The unidentified official is someone who worked in the Ministry of Hydrocarbons between 2013 and 2016. In those years, Pedro Merizalde and Carlos Pareja Yanuzzelli were in charge of that portfolio.
25 cents per barrel
The money for the bribes came from the same Petroecuador contract with Oman Trading. Vitol was in charge of reselling the fuel oil, for which it obtained a commission per barrel. Of this commission, 25 cents per barrel were transferred to the Peré Ycaza companies for the payment of bribes.
Recordings of telephone calls and meetings between Javier Aguilar and the Peré Ycazas (who began to collaborate with justice) talk about these payments until 2020.
According to the investigation of the case against Aguilar, in a call in February 2020, the Peré family demanded Aguilar for these pending payments. “It’s a commitment … I mean, I handle it. It will be done. I have to accelerate this, so that there are no more obstacles,” Aguilar assured.

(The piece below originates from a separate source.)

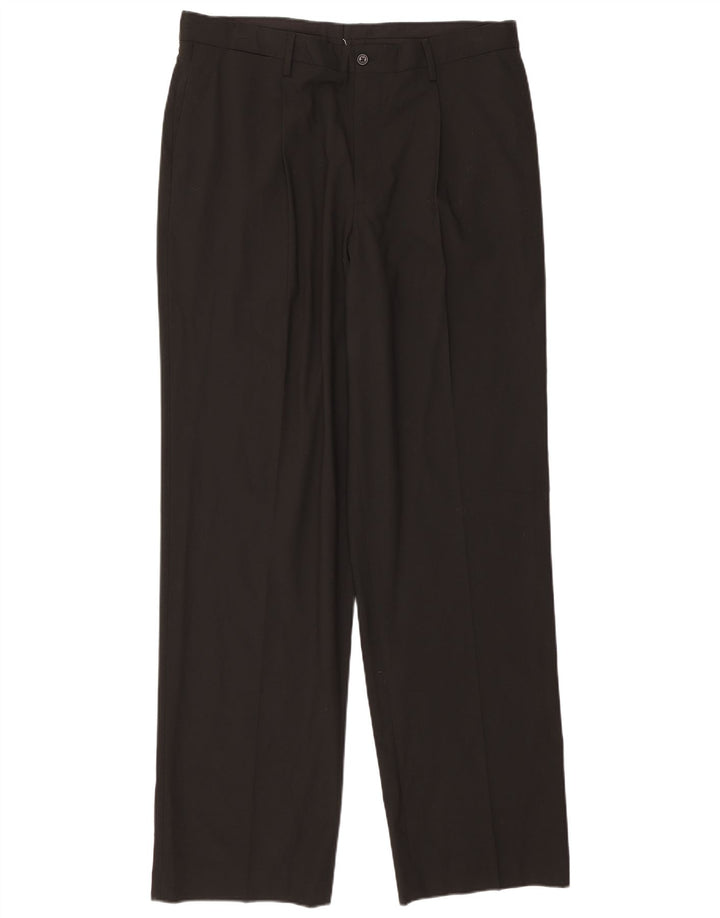 NAUTICA Pantaloni da abito da uomo con vestibilità classica Rigger Pegged W36 L34 neri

On the same day of the telephone conversation, one of the Peré Ycazas sends Aguilar a spreadsheet in which he indicates that they were owed more than USD 2.5 million in commissions, for more than 17 million barrels of fuel oil from the contract with Oman Trading.
A few days later, in a new telephone conversation, Aguilar says that he has asked that the issue be resolved quickly. “I told them: we owe you so much; I need to give you a show of appreciation… I need you to send me, right now, 250.”
Days after this conversation, Aguilar orders two transfers of USD 75,550 and USD 62,664 to an account of the Peré Ycaza companies.